[Caption-style text data]
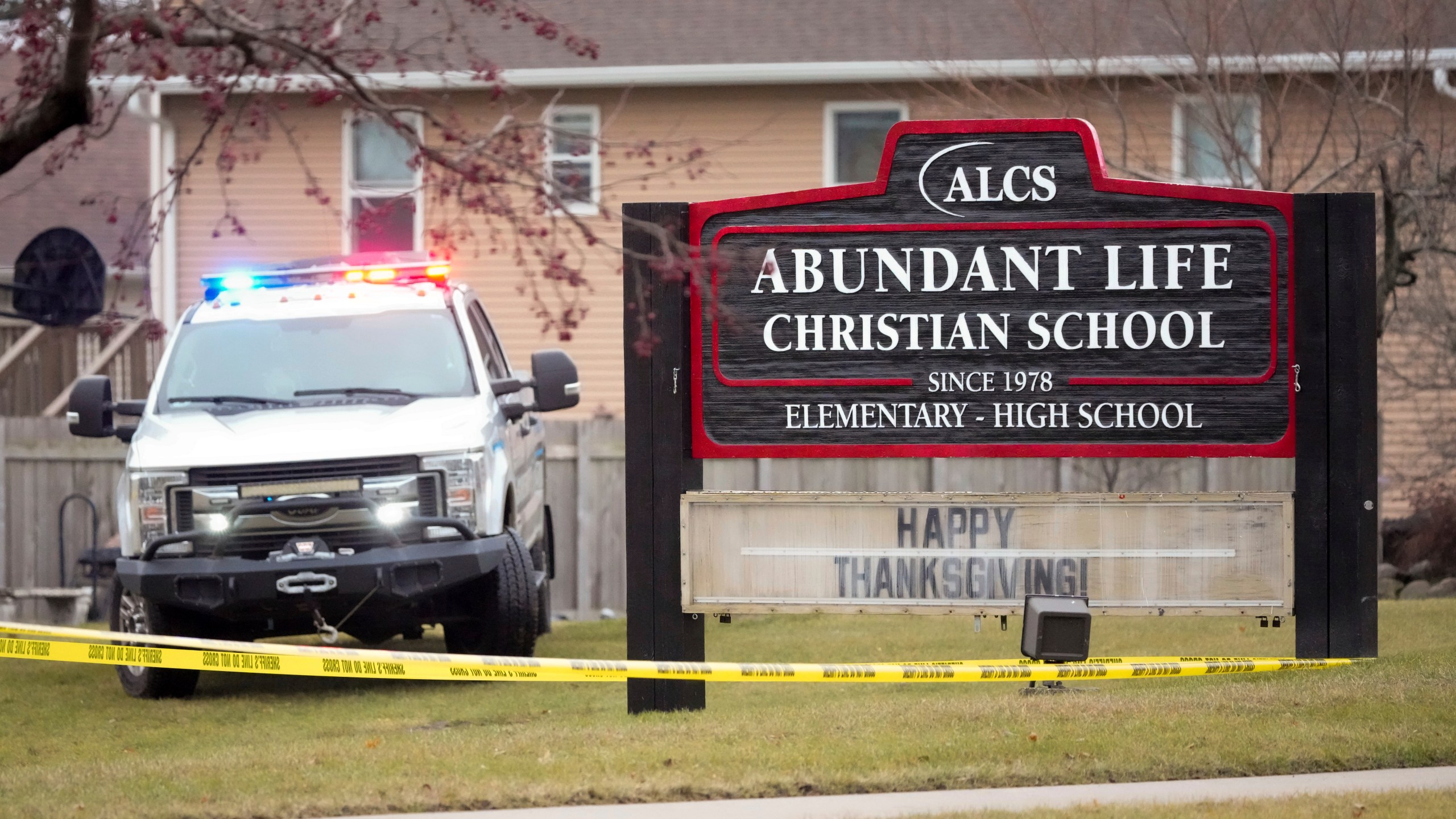 Emergency vehicles are parked outside the Abundant Life Christian School in Madison, Wis., following a shooting, Monday, Dec. 16, 2024. (AP Photo/Morry Gash)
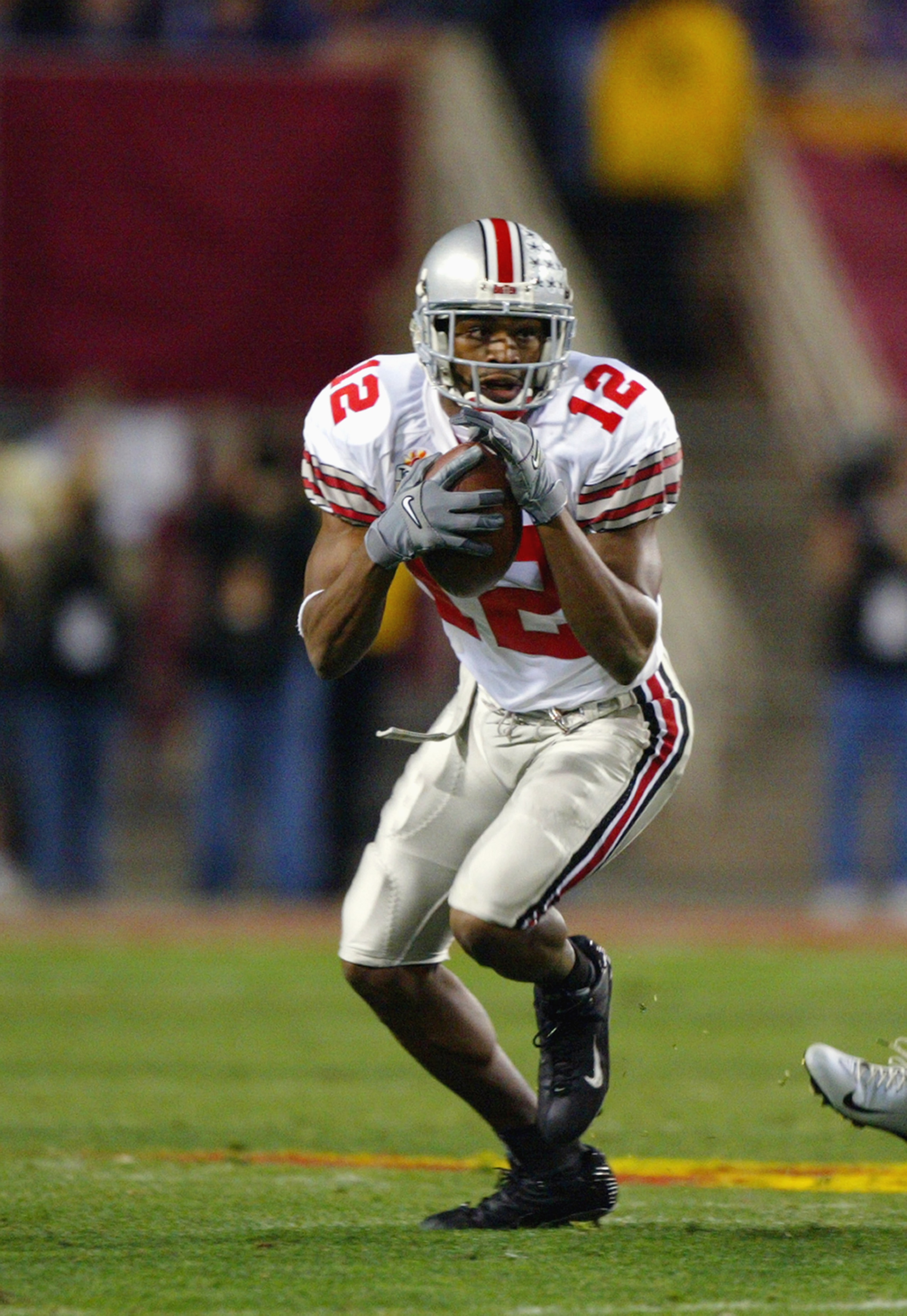 TEMPE, ARIZONA - JANUARY 2:  Wide receiver Michael Jenkins #12 of the Ohio State Buckeyes catches the ball during the game against the Kansas State Wildcats in the Tostitos Fiesta Bowl on January 2, 2004 at Sun Devil Stadium in Tempe, Arizona. The Buckeye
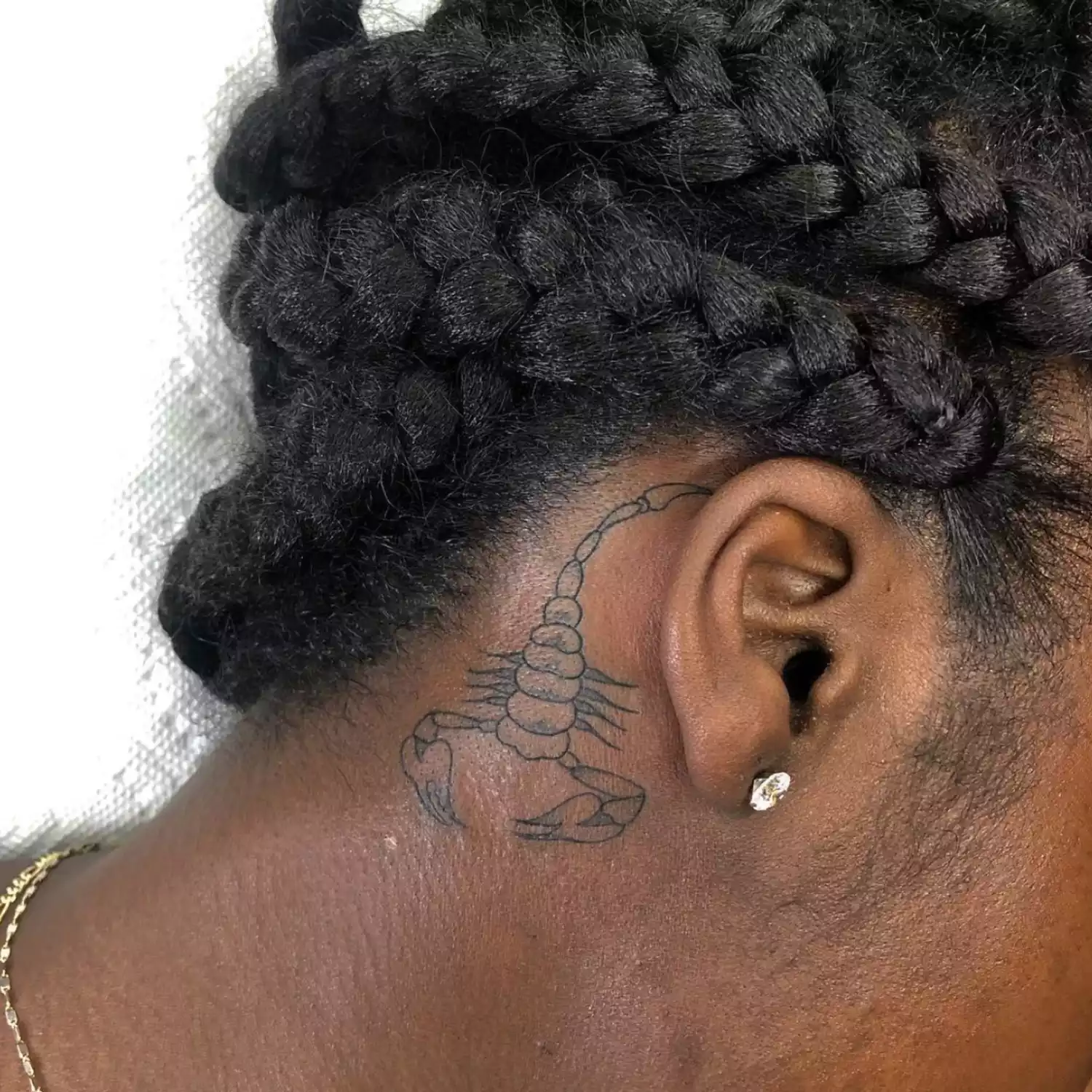 zoomed-in photo of person with scorpion tattoo behind the ear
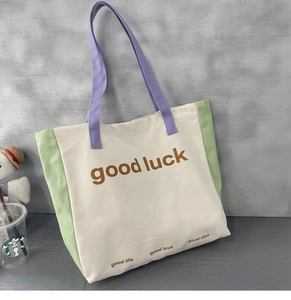 Detail of color-block canvas tote bag with good luck text and green side panels
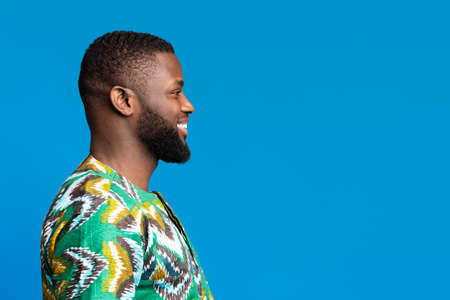 Side view of black smiling guy in african shirt looking at free space on blue, studio shot,...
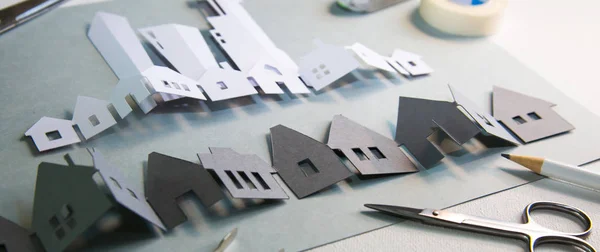 Paper cut design elements with tools: scissors, knife, pare, glue etc. Creation a city view in progress. Creativity, education, hobby, innovation and inspiration concept.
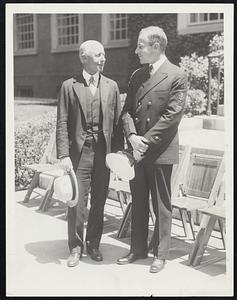 Secretary of Navy Commissions Son. Charles Francis Adams, secretary of the Navy, talking his son, Ensign Charles Francis Adams, Jr., after he had commissioned the younger Adams at Cambridge, Mass., June 23, after the Harvard commencement. Ensign Adams was a member of the third graduating class of the Harvard Unit of the Naval Science Department.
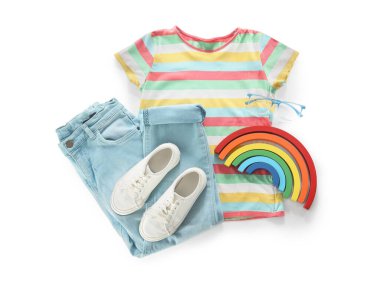 Beyaz arka planda şık çocuk kıyafetleri, ayakkabıları ve oyuncak gökkuşağı kompozisyonu
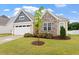 Beautiful exterior featuring a two-car garage, stone accents, and a professionally landscaped front yard at 124 Alta Crest Ln, Garner, NC 27529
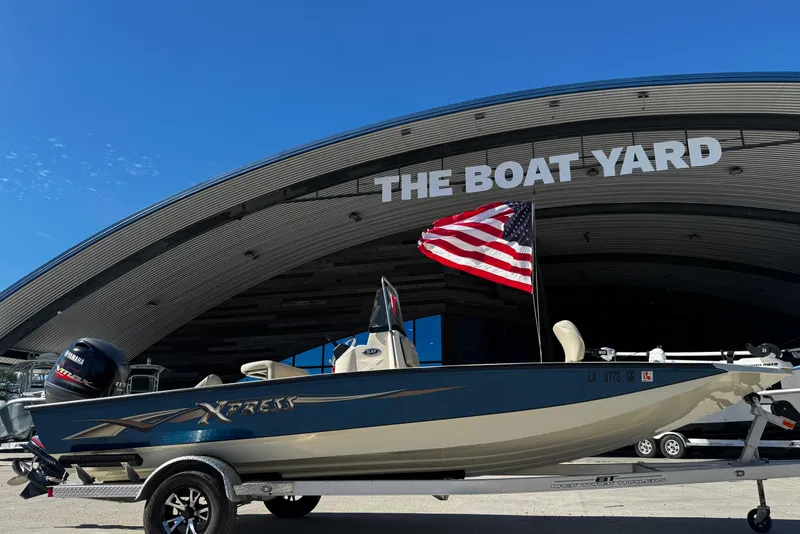Slide: The Image of 2017 Xpress H20B Bay boat with American flag at The Boat Yard. - 4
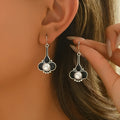A pair of silver retro fashion earrings for women with an electroplated alloy construction.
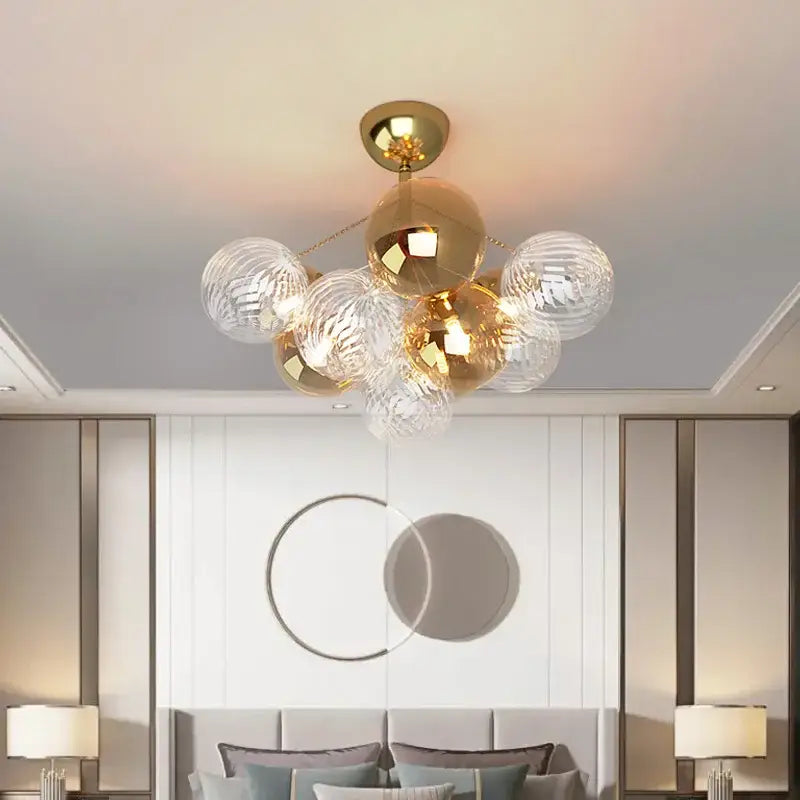 Modern gold cartoon bubble ball chandelier featuring gold-toned spherical glass orbs with polished brass finish for kids room decorbites cartoon bubble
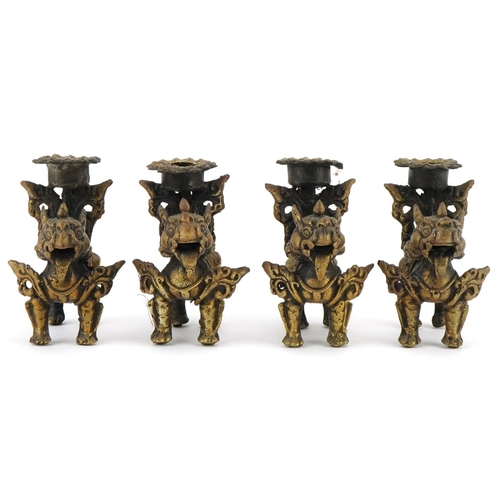 681 - Two pairs of Tibetan gilt metal candlesticks in the form of Foo dogs, each 10cm high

▶ **Exercise**
Please print the lines above word for word, starting at the one with "Side view of" and ending at the one with "Paper cut design", both included, and without any picture.

▶ **Your solution**
 Side view of black smiling guy in african shirt looking at free space on blue, studio shot,...
 Paper cut design elements with tools: scissors, knife, pare, glue etc. Creation a city view in progress. Creativity, education, hobby, innovation and inspiration concept.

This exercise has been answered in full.